Deuce, that's a good one too. It sounds like a joke a certain friend of mine would tell me. He has that a relatively strong southern accent and is probably in his late forties. He also pronounces Vienna sausages (sp) with the "i" as in "kite" and the "e" as in the "a" in "cake". Sometimes, it jsut makes the joke funnier by how it's told.
Here's another one (you guys have probably heard this one):
Two rival farmers, Jed and Zeek, live next door to each other (big land). One farmer, Jed was out hunting ducks, or whatever, and shoots one in mid air. The duck struggles and falls into Zeek's land and right at his door step. Zeek comes out the same time Jed comes over to claim his price and a dispute begans as to who's dead duck that really is. An arguement insues, b/c it was shot over Jed's land, but landed in Zeek's land and Zeek was saying that it was now his property. So Jed comes up with a wise idea.
"hey, lets make a deal. We'll kick each other in the crotch as hard as possible.
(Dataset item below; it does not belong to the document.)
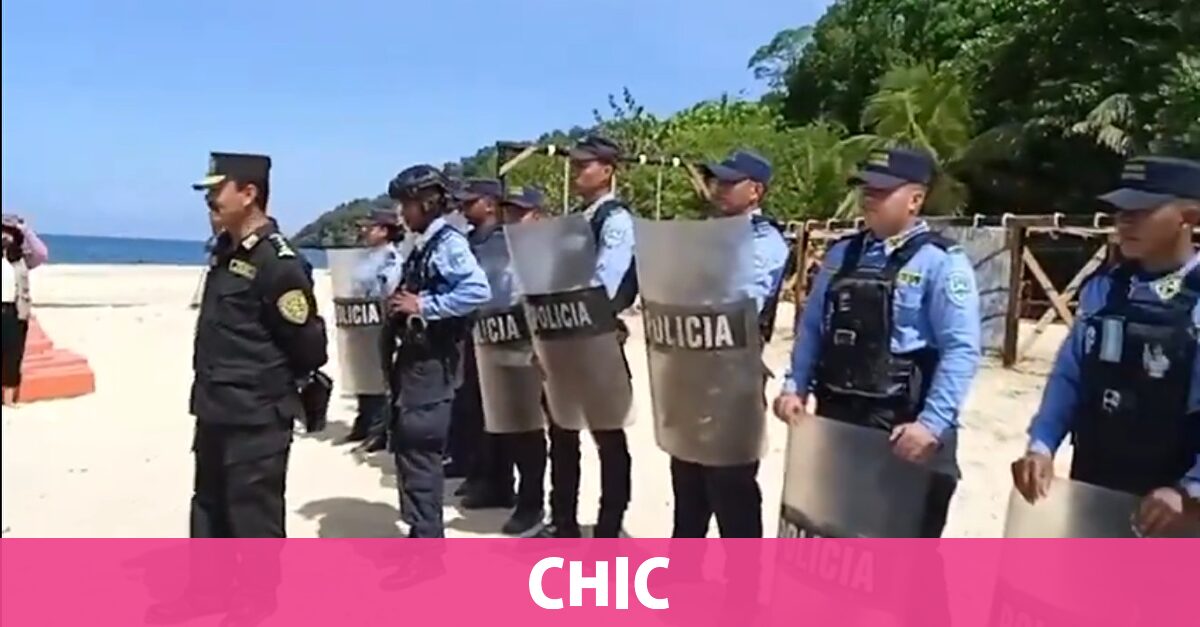 Tensión en el estreno de 'Supervivientes All Stars' por una protesta de la comunidad garífuna en la playa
Whoever can remain standing the most upright after the blow, is the one who has rightful claim to the bird."
"Okay", replied Zeek. He liked that plan.
So Jed says he gets to kick Zeek first since he shot the bird in the first place and came up with the plan. Zeek was in agreement with this plan. Jed holds off and smashes dude, right square in , well you know where. Zeek can BARELY stand--most pain he ever felt. Zeek squeeks, "Okay, I get to go next". But as farmer JEd begins walking away, he says "That's okay, you can keep the duck."